Four top officials in the District's drug treatment program were moved out of their jobs yesterday as the city's health chief pledged to restructure the oft-criticized agency and farm out more work to private providers.
D.C. Health Director Ivan C.A. Walks said the Addiction Prevention and Recovery Administration (APRA) has failed to improve despite additional funding that was supposed to extend help to many more of the city's 65,000 drug abusers this year.
The agency, with a $32.3 million annual budget, has for years carried a stubborn waiting list of more than 1,000 drug addicts and has developed a reputation as unfriendly and insensitive to the clients who need its help at the most critical moments of their lives.
"There are several problems that we just couldn't reconcile," Walks said. "We have waiting lists for treatment, and yet we have treatment slots that are empty."
The agency funds 241 substance abuse treatment beds, about 100 of which are directly operated by the city.
Walks, who has been health director since September and oversees the agency, said that he will study how to restructure the agency but that, in his view, it is an inherent conflict for an agency to provide services while also overseeing the effectiveness of the program.

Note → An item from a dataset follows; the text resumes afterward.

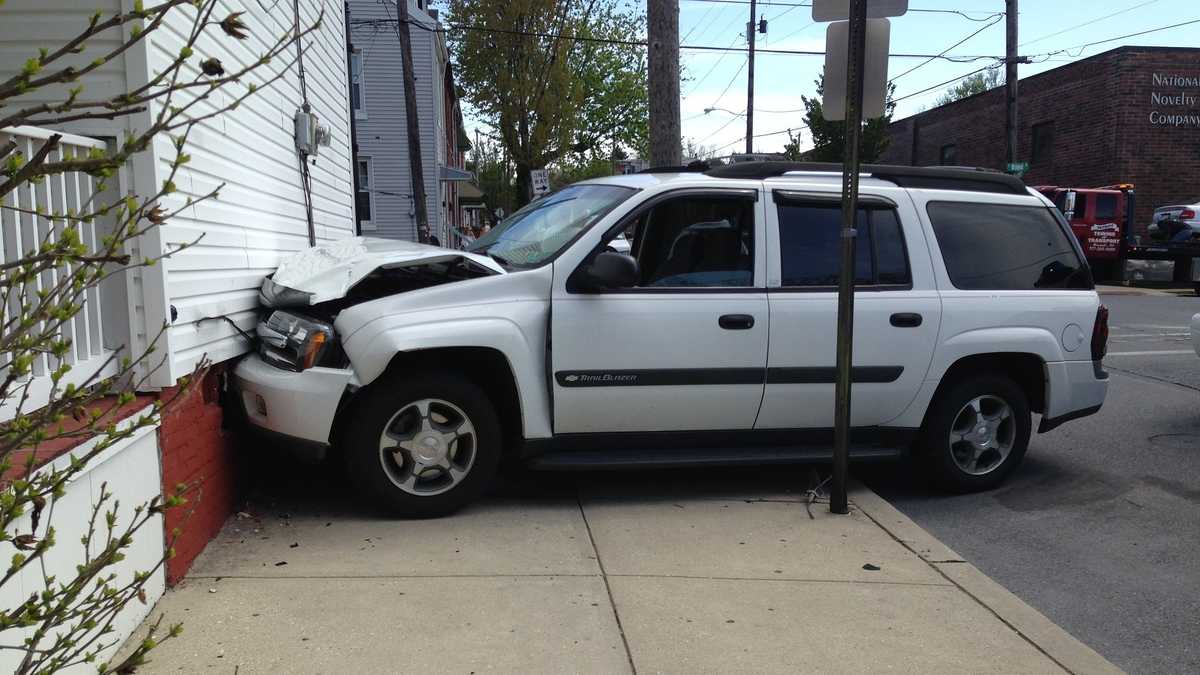 Photos: Car crashes into home in Lancaster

Various city officials also expressed dismay over answers given by APRA officials at a hearing last month when D.C. Council members asked what initiatives they have begun with nearly $3 million in new funding. No new programs have been launched yet, said council member David A. Catania (R-At Large).
"The system itself is broken," Catania said yesterday. "Regardless of who heads the agency, they need to deconstruct the entire agency and build it from the ground up."
Walks said senior Health Department officials will fill in at the agency until replacements are hired.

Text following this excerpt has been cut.